Thomas Djiwandono: Digital Risks Could Shake the Global Financial System

| | Source: KOMPAS Translated from Indonesian | Banking
Thomas Djiwandono: Digital Risks Could Shake the Global Financial System
Image: KOMPAS

JAKARTA - Digitalisation of the financial sector is seen as bringing new challenges to the stability of the global financial system. Amid increasingly strong interconnections between institutions and across countries, financial risks are now considered capable of spreading more quickly and having a broader impact.

This view was expressed by Bank Indonesia Deputy Governor Thomas A.M. Djiwandono when opening the 4th International Conference and Call for Papers Journal of Central Banking Law and Institutions (ICFP-JCLI) in Bali on Friday (8/5/2026).

“The world is entering a new financial architecture marked by increasingly strong interconnections between institutions, sectors, and policy domains,” said Thomas, via a BI release, quoted on Saturday (9/5/2026).

He stated that the boundaries between monetary, fiscal, and macroprudential policies are now increasingly blurring.

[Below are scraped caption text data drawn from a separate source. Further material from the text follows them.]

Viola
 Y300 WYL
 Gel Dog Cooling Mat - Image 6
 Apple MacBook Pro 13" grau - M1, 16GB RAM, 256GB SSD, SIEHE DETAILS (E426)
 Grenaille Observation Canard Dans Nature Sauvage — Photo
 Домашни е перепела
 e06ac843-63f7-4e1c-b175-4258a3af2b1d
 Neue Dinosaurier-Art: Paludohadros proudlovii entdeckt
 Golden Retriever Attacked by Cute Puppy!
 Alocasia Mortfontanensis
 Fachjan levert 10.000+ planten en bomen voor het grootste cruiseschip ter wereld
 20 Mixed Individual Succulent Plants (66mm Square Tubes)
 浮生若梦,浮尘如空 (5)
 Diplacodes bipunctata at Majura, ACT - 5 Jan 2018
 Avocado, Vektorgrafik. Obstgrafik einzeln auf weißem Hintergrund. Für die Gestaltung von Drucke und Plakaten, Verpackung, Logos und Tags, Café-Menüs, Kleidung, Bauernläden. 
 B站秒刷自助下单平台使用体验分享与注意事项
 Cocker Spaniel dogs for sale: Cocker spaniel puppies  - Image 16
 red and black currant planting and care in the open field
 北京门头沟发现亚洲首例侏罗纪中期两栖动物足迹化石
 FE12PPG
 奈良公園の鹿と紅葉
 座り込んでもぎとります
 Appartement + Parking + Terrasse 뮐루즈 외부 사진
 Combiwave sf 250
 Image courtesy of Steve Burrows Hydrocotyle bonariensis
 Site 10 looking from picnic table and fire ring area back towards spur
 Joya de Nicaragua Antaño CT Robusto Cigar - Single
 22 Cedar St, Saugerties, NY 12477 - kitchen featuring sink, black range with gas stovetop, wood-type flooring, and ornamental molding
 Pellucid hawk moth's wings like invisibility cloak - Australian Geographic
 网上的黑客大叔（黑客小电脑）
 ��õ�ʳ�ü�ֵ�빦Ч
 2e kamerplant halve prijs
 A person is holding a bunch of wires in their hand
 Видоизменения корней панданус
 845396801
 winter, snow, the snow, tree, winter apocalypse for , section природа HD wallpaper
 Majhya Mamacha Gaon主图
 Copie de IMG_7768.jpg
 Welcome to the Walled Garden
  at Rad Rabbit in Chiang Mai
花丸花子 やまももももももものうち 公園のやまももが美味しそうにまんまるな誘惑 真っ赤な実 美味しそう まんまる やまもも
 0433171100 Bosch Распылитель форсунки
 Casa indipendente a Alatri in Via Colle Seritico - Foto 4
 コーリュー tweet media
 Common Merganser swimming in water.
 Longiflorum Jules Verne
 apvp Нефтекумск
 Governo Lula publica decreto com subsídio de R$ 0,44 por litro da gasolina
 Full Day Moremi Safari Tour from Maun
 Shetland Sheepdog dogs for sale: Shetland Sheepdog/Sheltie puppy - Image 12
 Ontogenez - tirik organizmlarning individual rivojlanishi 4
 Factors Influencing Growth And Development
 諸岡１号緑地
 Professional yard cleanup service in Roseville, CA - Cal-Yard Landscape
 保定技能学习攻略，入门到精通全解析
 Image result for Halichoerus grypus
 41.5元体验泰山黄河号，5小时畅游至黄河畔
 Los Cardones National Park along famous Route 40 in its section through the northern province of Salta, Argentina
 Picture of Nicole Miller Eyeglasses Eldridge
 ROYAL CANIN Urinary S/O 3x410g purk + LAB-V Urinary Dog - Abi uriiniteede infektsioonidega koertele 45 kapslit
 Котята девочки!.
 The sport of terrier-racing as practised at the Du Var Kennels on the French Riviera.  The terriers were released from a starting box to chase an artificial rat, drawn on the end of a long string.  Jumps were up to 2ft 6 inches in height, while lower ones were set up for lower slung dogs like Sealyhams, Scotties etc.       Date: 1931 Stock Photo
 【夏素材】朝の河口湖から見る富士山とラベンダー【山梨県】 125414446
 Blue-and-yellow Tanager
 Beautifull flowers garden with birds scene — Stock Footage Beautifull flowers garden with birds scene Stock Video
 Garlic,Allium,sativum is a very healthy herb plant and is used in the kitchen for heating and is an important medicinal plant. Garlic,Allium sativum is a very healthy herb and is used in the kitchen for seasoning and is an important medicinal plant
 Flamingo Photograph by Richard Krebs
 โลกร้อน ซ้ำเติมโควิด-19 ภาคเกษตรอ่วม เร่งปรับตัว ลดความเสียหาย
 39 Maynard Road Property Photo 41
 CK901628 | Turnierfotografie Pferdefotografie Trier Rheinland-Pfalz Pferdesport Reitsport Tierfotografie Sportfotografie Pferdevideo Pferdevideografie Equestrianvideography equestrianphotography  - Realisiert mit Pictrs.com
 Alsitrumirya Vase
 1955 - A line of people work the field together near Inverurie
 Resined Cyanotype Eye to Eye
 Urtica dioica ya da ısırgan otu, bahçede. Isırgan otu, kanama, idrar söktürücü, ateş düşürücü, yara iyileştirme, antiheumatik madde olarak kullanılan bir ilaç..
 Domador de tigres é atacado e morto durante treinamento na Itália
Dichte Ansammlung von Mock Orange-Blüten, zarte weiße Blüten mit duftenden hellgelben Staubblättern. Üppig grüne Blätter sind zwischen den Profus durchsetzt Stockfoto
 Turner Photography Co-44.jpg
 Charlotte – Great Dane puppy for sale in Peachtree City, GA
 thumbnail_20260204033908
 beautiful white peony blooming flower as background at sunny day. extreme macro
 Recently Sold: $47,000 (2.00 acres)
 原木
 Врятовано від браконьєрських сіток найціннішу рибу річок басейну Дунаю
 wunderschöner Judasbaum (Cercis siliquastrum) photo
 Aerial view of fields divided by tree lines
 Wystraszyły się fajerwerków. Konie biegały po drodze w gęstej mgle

On the other hand, digitalisation and cross-border interconnections also accelerate risk transmission and enlarge the potential for shocks to the financial system.

Therefore, according to Thomas, every policy now has interconnected and multidimensional impacts, requiring more integrated policy responses.

In such conditions, Thomas assessed that an integrated policy framework, close inter-agency coordination, and clear legal mandates among respective institutions are needed.

According to him, institutional autonomy is now becoming increasingly crucial, not only for central banks but also for regulators and other financial sector supervisory authorities.

This year’s ICFP-JCLI conference raised the theme “Central Banking in Transition: Navigating Interconnected Risks and Institutional Governance and Autonomy in the New Financial Architecture”.

The forum brings together researchers, academics, and practitioners from various countries to exchange ideas in the fields of law, institutions, economics, and central banking.

The broad attention to issues of central bank governance and global financial architecture is reflected in the participation of this year’s JCLI Call for Papers, which received 291 papers from authors in 34 countries.

In the discussion forum involving authorities and academics, it was also concluded that the acceleration of digital transformation in the financial sector not only opens up space for innovation but also demands strengthened governance and readiness to face crises.

In addition, an adaptive supervisory framework is considered important for maintaining financial system stability amid the increasingly dynamic changes in the global financial architecture.